* [DESCRIPTION OF THE TASK]: Word for word, set down the lines from the one that contains "Muscletech Nitro Tech" through the final line of the data; no pictures belong in the copy.

* [INPUT DATA]:

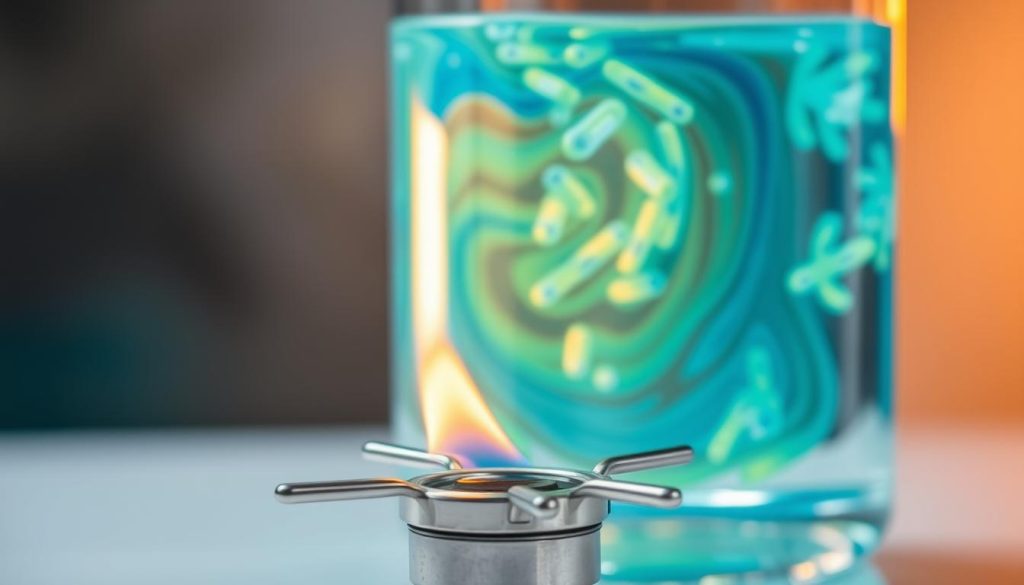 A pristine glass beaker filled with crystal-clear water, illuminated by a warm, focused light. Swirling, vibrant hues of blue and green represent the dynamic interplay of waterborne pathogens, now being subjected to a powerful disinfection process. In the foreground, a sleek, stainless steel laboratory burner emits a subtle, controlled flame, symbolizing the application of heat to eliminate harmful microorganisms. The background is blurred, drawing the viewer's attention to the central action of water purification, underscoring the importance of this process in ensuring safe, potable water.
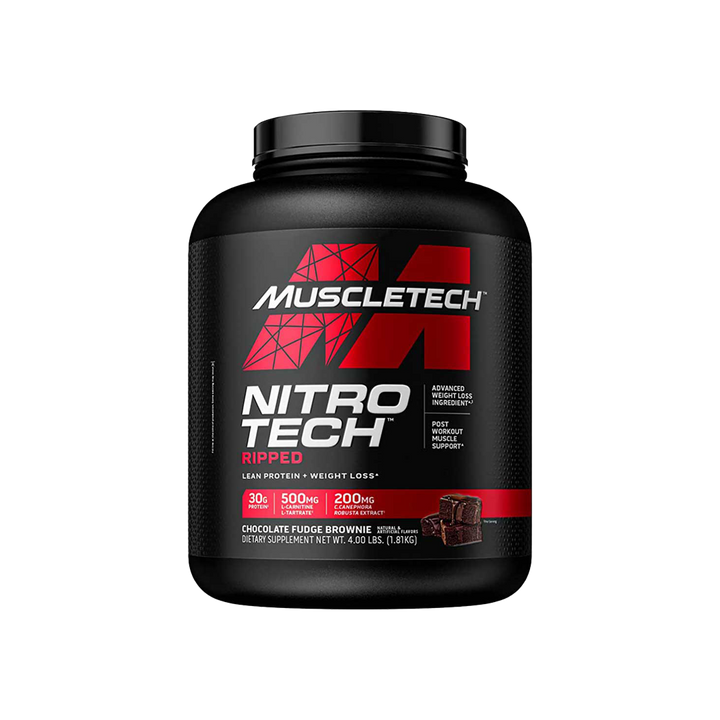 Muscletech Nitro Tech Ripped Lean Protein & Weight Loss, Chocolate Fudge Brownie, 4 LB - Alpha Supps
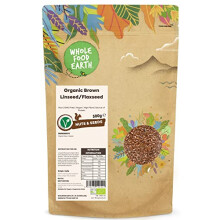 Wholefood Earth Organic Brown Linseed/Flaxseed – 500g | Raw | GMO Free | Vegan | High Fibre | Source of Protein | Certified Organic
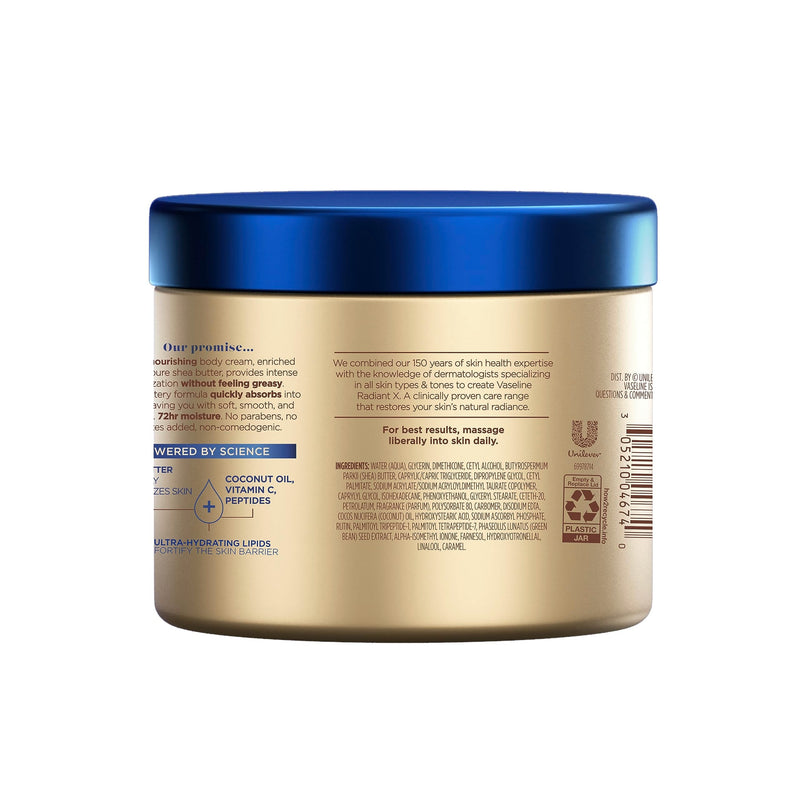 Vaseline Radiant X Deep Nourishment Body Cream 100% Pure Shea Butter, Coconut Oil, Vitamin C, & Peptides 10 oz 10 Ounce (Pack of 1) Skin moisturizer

* [ANSWER TO THIS EXERCISE]:
 Muscletech Nitro Tech Ripped Lean Protein & Weight Loss, Chocolate Fudge Brownie, 4 LB - Alpha Supps
 Wholefood Earth Organic Brown Linseed/Flaxseed – 500g | Raw | GMO Free | Vegan | High Fibre | Source of Protein | Certified Organic
 Vaseline Radiant X Deep Nourishment Body Cream 100% Pure Shea Butter, Coconut Oil, Vitamin C, & Peptides 10 oz 10 Ounce (Pack of 1) Skin moisturizer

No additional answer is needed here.